A bomb shelter in Kyiv was transformed into the set of a television extravaganza over the weekend as Ukrainian musicians vied for the chance to represent their country at the Eurovision Song Contest in 2023 — and potentially take home the top prize for the second straight year.
Amid waves of Russian missile and drone strikes, there was little indication that the competition was being filmed in an underground metro station that has served as a shelter since Russia’s invasion. But the professional lighting and intricate graphics behind the performers could not totally distract from the rumbling of trains that at times could be heard between musical numbers.
The electronic music duo Tvorchi beat out nine other acts on Saturday with a performance of their song “Heart of Steel,” which they have said was inspired by the courage of Ukrainian defenders in the Azovstal steel plant during the siege of the southern city of Mariupol. Vocalist Jeffery Kenny sang between two backup dancers wearing gas masks as images of nuclear warning signs displayed on screens behind them.
“Don’t care what you say, don’t care how you feel, get out of my way, ‘cause I got a heart of steel,” Mr. Kenny sang. The duo — which has said that the song is about dignity, freedom and the unbreakable spirit of Ukrainians — both wore silver and gold “steel” hearts embroidered on the chests of their costumes.
They will take the Eurovision stage to perform their winning song in May.
Eurovision, the world’s largest live music competition, is known for its elaborate costumes, over-the-top performances and potential to launch new talent to international fame.
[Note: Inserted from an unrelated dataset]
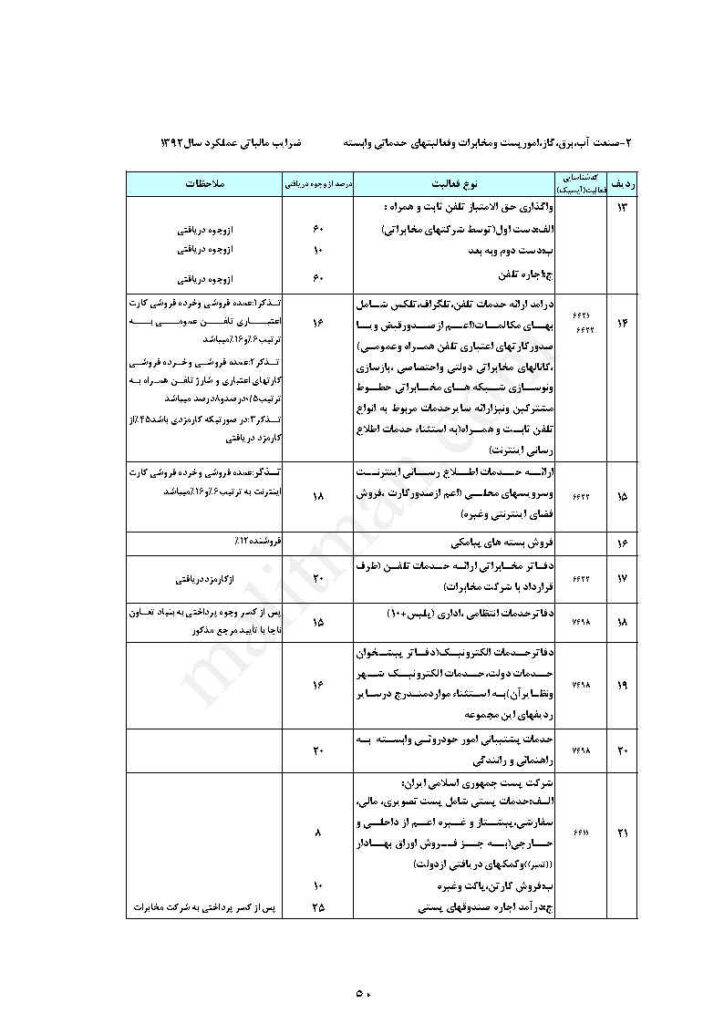 zarayeb92 Page66 1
The annual European showcase promoting cultural unity was first held in 1956 and has ballooned into a huge TV event with participants from nearly 40 countries, including Australia and Israel. Close to 160 million people tuned in to the 2022 competition in May.
Ukraine won that contest, which followed Russia’s invasion in February, when folk-rap band Kalush Orchestra secured the popular vote with an energetic performance of “Stefania.” The song was originally written to honor the mother of the group’s frontman, but was recast during the war as a tribute to Ukraine and has since become an anti-war anthem.
While the country that wins Eurovision typically hosts the next edition of the competition, the contest’s organizers announced in June that it would not be possible to hold the event in Ukraine, citing security. The event will instead be held in Liverpool, England.
Tvorchi, in a statement on their Instagram page, thanked “people with hearts of steel.”
“We will do everything to adequately represent Ukraine and our indomitability,” the duo wrote.